God’s election of us is based in his love and his love aims for the freedom of his creatures. It has nothing to do with some pre-temporal sorting by God of those who will be saved and those who won’t. Rather, “God freely chooses or predestines himself and all humans to be in loving relationship with and through Jesus Christ. God will have it no other way; he loves humanity and will not be without humanity.”[6]

It is God’s eternal love of and his being forever for us that makes our freedom possible. And God wants our free response to his love. Not automatons. Not captive forces made to obey. Not coerced in any way. Thus, election, freedom, and love embrace as the most radical way to express the grace of the gospel.
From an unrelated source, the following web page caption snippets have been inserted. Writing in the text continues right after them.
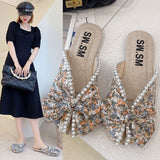 Breakj Women Wear Outside The Summer 2025 New Small Flowers Flat Bottom Fish Mouth Cool Drag Fashion Pedal Pedal Half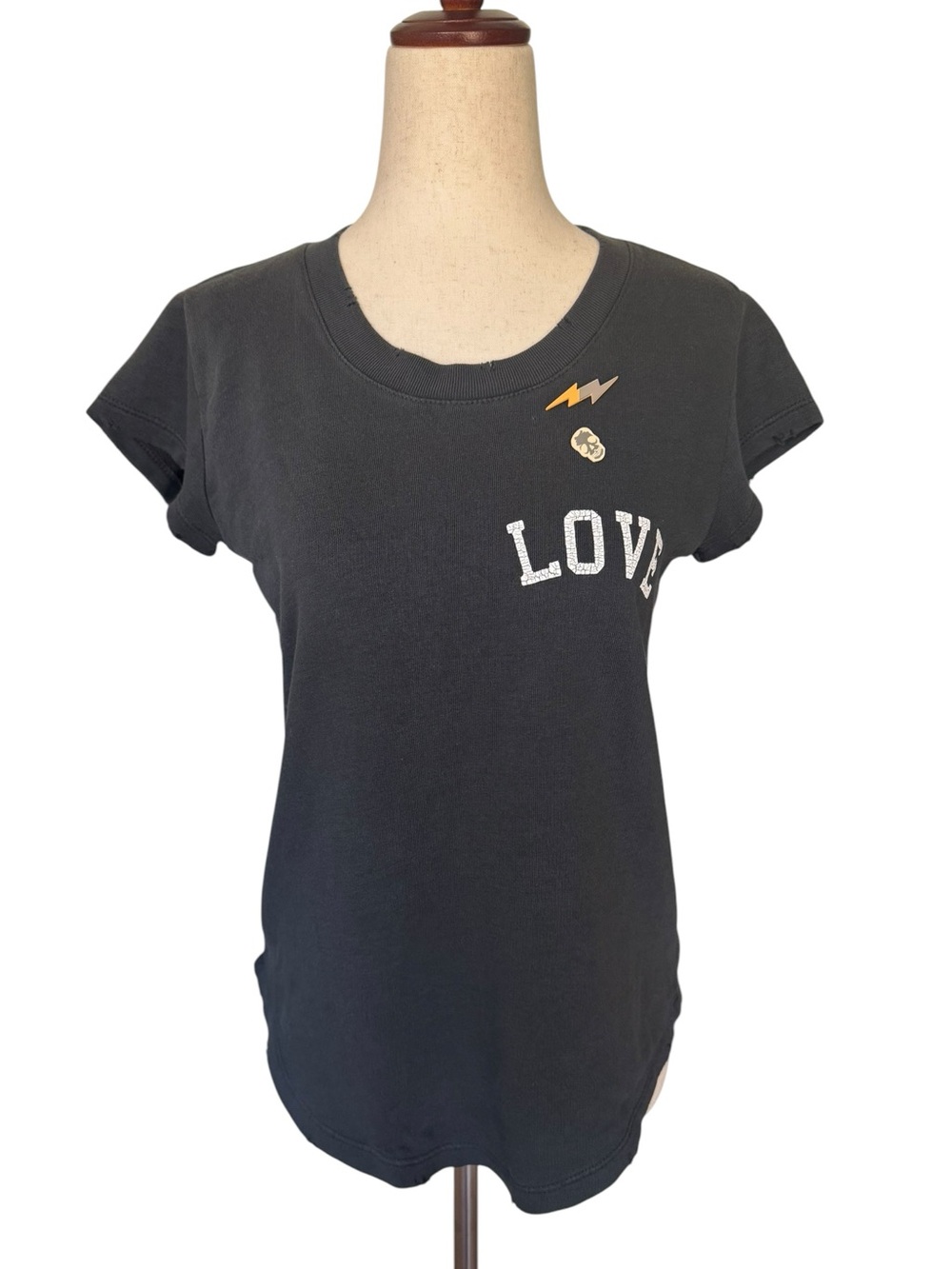 Zadig & Voltaire Seattle BIS Black Love Amour Graphic Crewneck Tee Top XS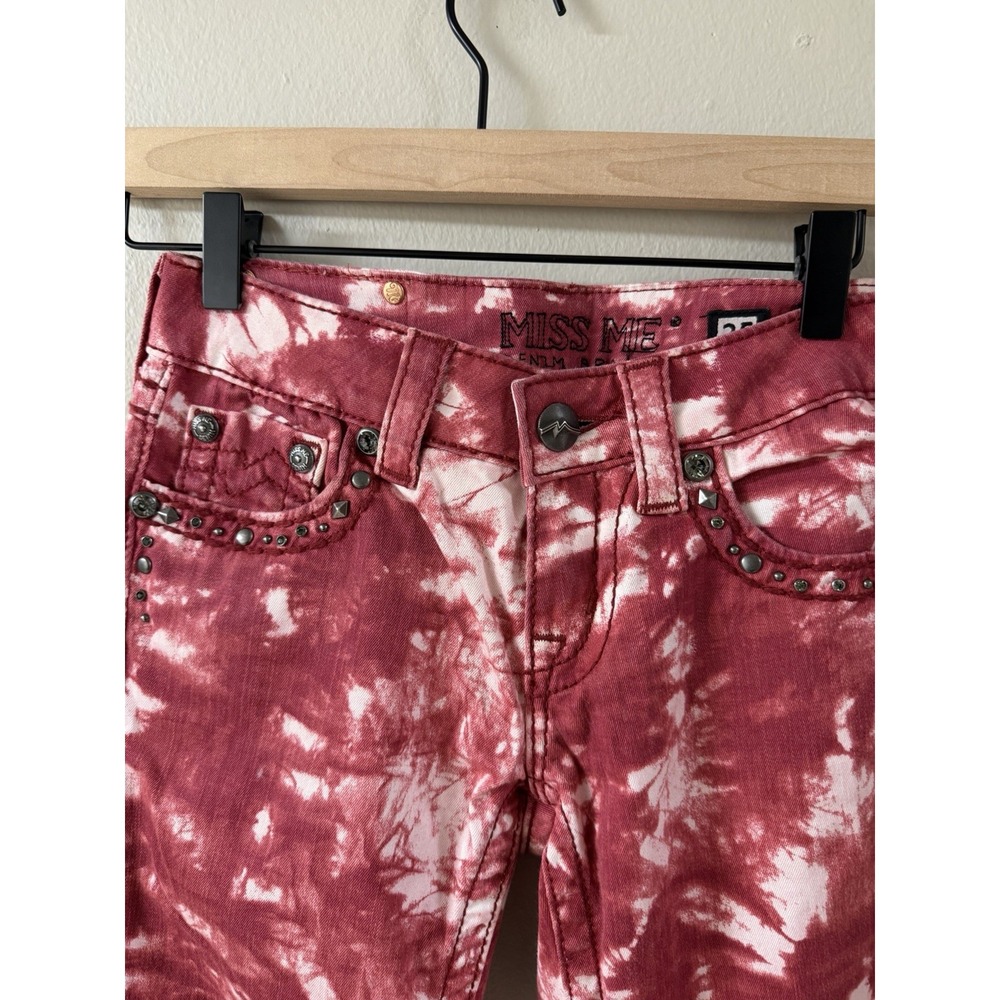 Miss Me JP5679S4 Skinny Women's Red Embellished Jeans Size 25 Inseam 31" - Picture 3 of 5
No wonder Karl Barth claims that election is the “sum of the gospel.”[7]

God chooses humanity to be his, to be free in relation to him, and in that freedom to love each other.

That election as we find it in the Bible is indeed the “sum of the gospel” is best seen in God’s creation of a small new family through Abraham and Sarah. Lohfink captures this well:

“It can only be that God begins in a small way, at one single place in the world. There must be a place, visible, tangible, where the salvation of the world can begin: that is, where the world becomes what it is supposed to be according to God’s plan. Beginning at that place, the new thing can spread abroad, but not through persuasion, no through indoctrination, not through violence. Everyone must have the opportunity to come and see. All must have the chance to behold and test this new thing. Then, if they want to, they can allow themselves to be drawn into the history of salvation that God is creating. Only in that way can their freedom be preserved. What drives them to the new thing cannot be force, not even moral pressure, but only the fascination of a world that is changed.”[8]

These dynamics we have observed in this section lie at the heart of what is going on in the Old Testament. They must also reside in our hearts and minds if we hope to read this ancient story to our benefit and edification.

 

 

         

 



[1] Adolf von Harnack, Marcion (Leipzig: J. C. Hinrichs, 1921), 127, 222.
[2]Thomas F. Torrance, The Mediation of Christ
[3]For this section I depend on sections 5 and 6 of Part 1 of Gerhard Lohfink, Does God Need the Church?: Toward a Theology of the People of God (Collegeville, MN: The Liturgical Press, 1999).
[4] Lohfink, Does God Need the Church?, 31.
[5] A Declaration of Faith, ch.1, l.46: “To serve God is perfect freedom.”
[6] https://www.gci.org/CO/election.
[7] "The doctrine of election is the sum of the Gospel because of all the words that can be said or heard it is the best." Karl Barth (Church Dogmatics, V.II.7.32)
[8] Lohfink, Does God Need the Church, 27.